Ph 5.7 (6.5 being the target)
AE buffer value 7.6 (not sure what this is or what it is used for)
Phosphorus 85 (high)
Potassium 92 (high)
Magnesium 151 (high)
Calcium 571 (FL soils are typically high in Ca)
Sulfur 33.9
Copper 1.6
manganese 14.7
Zinc 9.9

If I already placed dolimitic lime, what do you suggest in going forward?


----------



## Ridgerunner (May 16, 2017)

Ph 5.7 (6.5 being the target)
AE buffer value 7.6 (not sure what this is or what it is used for)

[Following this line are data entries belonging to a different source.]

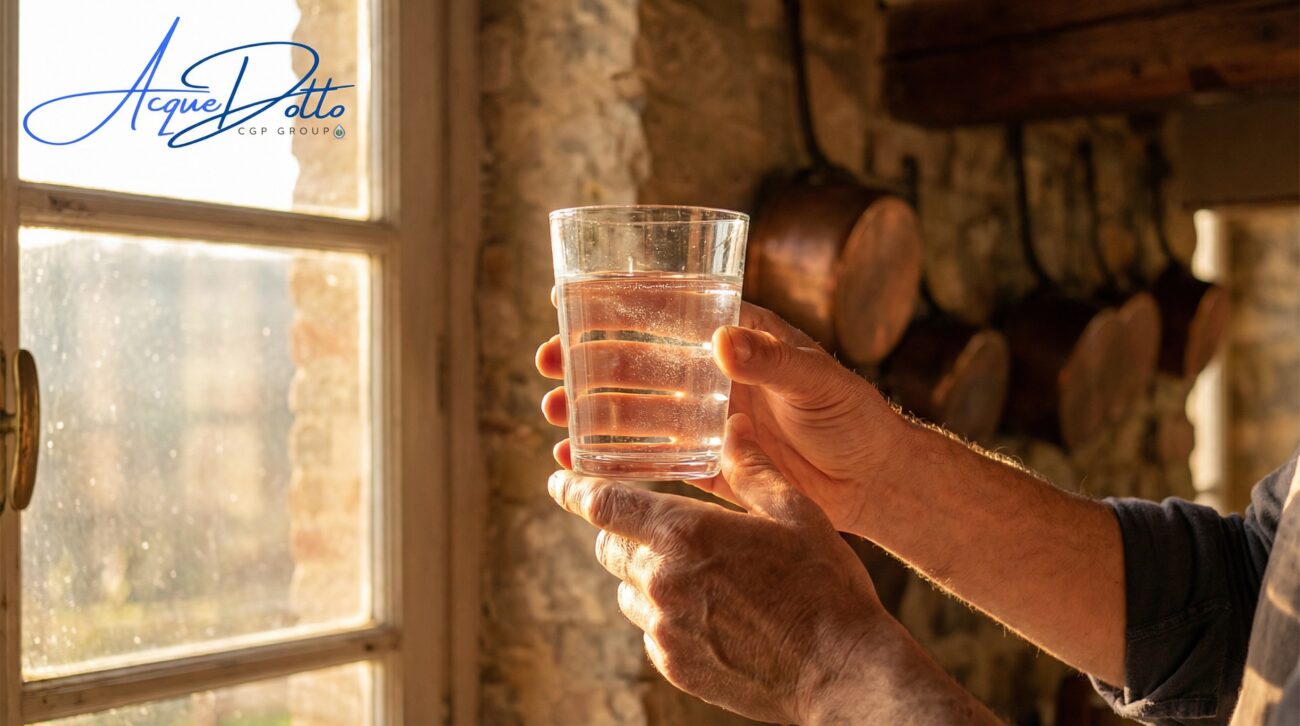 analisi-acqua-di-pozzo-frosinone-acquedotto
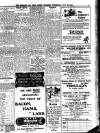 Bognor Regis Observer Wednesday 23 July 1919 Page 3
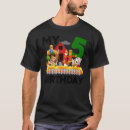 Search for chicken farmer tshirts Pig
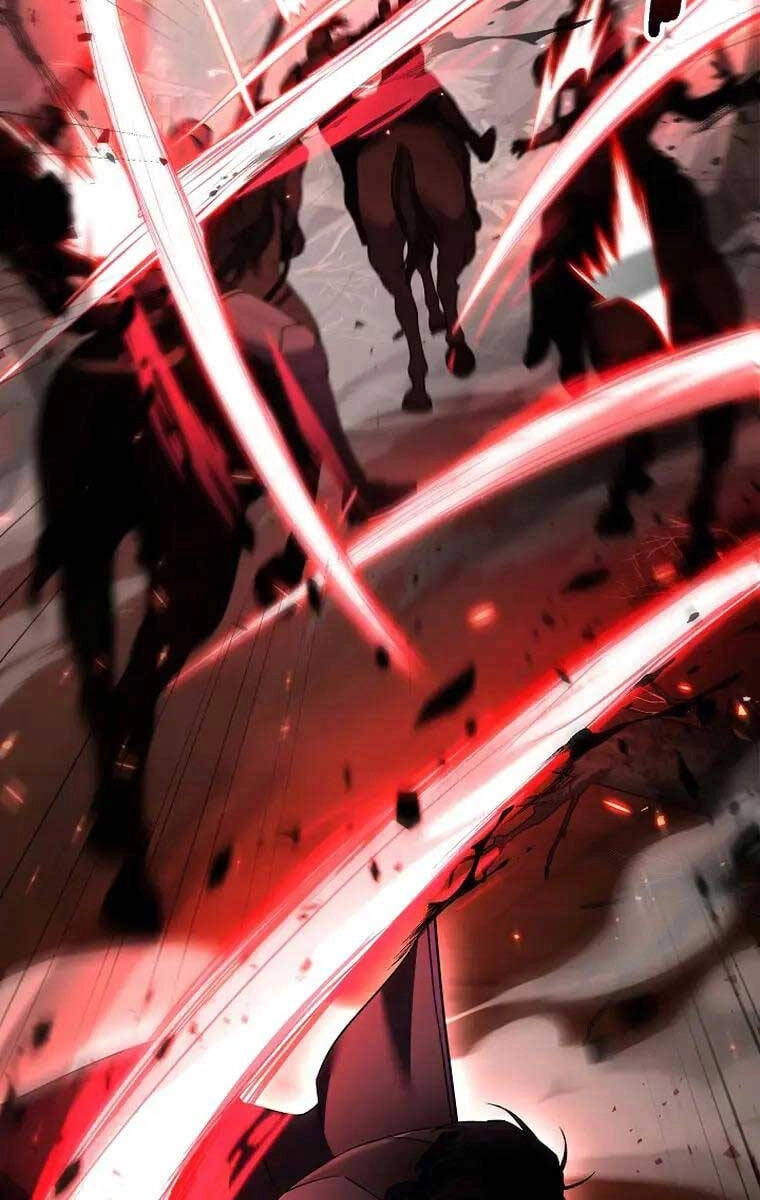 Huyền Thoại Giáo Sĩ Trở Lại Chapter 112 - 16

It is one (the particular one used here is the Adams/Evans "AE") of the tests (called Buffer pH) used to calculate the amount of lime needed to raise the pH of the tested soil to a targeted pH value. Somewhere on your report there should be a recommended amount of lime to apply. It should be equal to about 1.25 tons/acre of 67 ECCC lime or around 38 lbs/M of 100 CEC lime.


----------



## sabanist (Mar 28, 2019)

OK, i read where dolimitic lime takes quite a while to do anything to the ph level. So I laid down some calcitic lime today that is supposed to raise teh ph within 2 weeks or so. i also read calcitic lime is only effective for a few months. So ideally by the time the calcitic wears off the dolimitic will keep the ph stable. Either that or it will make it alkaline.

I'll do another soil test around july or aug.


----------



## g-man (Jun 15, 2017)

The difference between dolomitic and calcitic lime is the amount of mg and nothing to do with rate of change. The particle size (mesh) determines how fast it dissolves (smaller = faster).

You need to apply the 37lb per 1000sqft to address your soil pH. You have to apply it at the rate / frequency the bag says. Don't try to do more since it can hurt your lawn.

This is a marathon not a 100m race. We want to adjust your soil without damaging your lawn, so it will take some time.


----------